• _Your task_
Every picture is to be removed, and all the data is to be copied exactly.
___
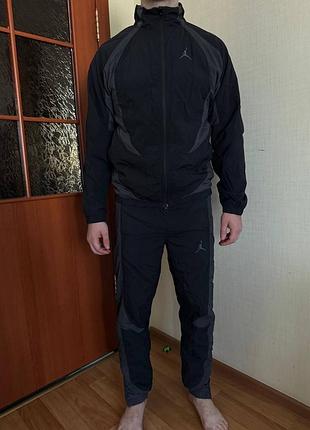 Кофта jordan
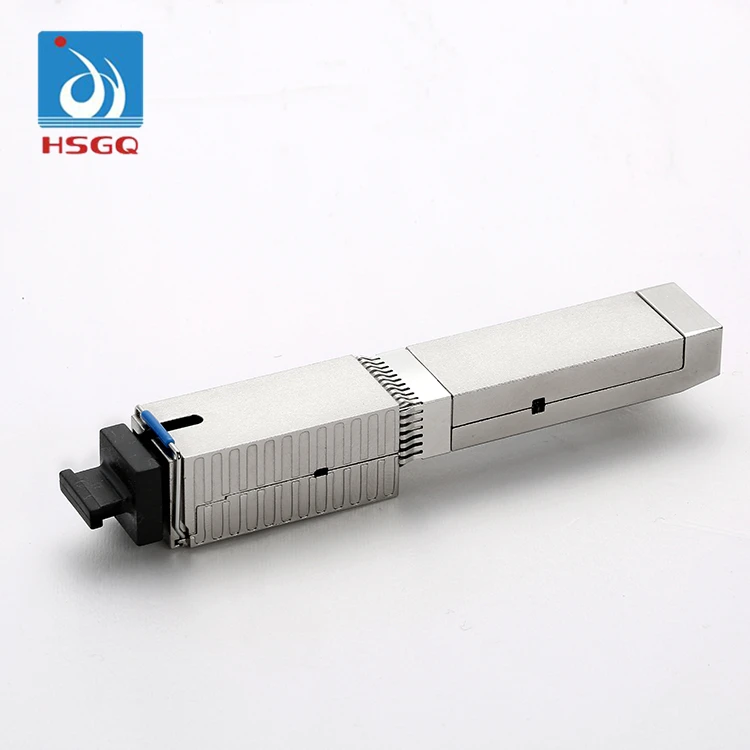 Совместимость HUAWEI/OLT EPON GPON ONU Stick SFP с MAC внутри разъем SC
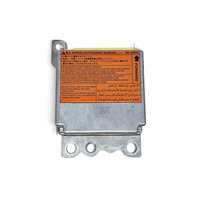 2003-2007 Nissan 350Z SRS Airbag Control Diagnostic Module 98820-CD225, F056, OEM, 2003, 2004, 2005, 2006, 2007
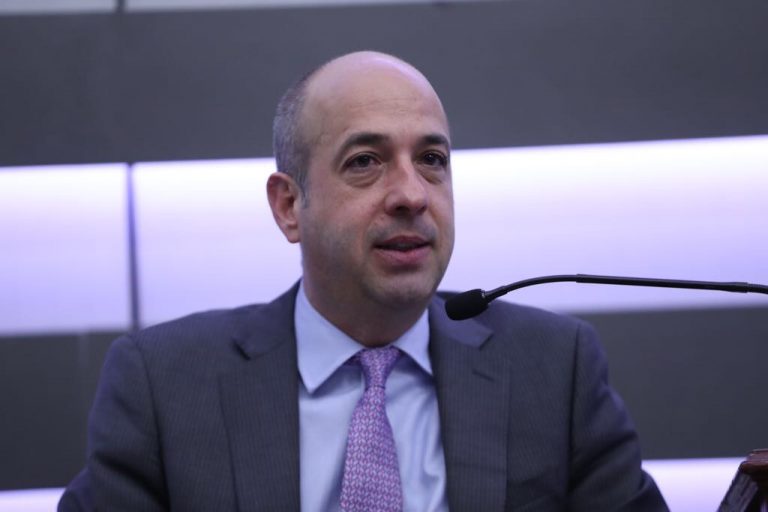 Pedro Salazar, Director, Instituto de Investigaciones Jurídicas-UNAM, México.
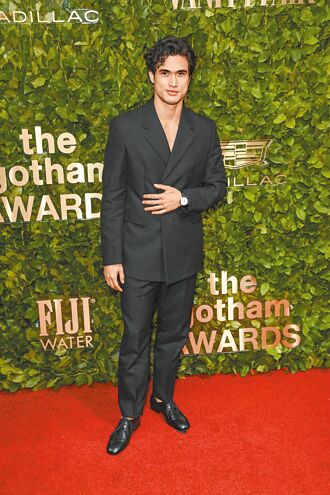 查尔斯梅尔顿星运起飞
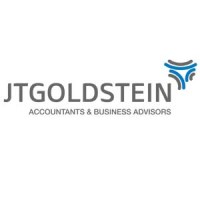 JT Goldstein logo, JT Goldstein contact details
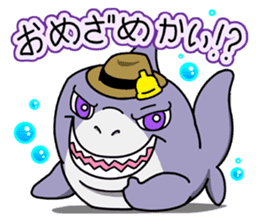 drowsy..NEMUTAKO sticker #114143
___
• _Exercise result_
 Кофта jordan
 Совместимость HUAWEI/OLT EPON GPON ONU Stick SFP с MAC внутри разъем SC
 2003-2007 Nissan 350Z SRS Airbag Control Diagnostic Module 98820-CD225, F056, OEM, 2003, 2004, 2005, 2006, 2007
 Pedro Salazar, Director, Instituto de Investigaciones Jurídicas-UNAM, México.
 查尔斯梅尔顿星运起飞
 JT Goldstein logo, JT Goldstein contact details
 drowsy..NEMUTAKO sticker #114143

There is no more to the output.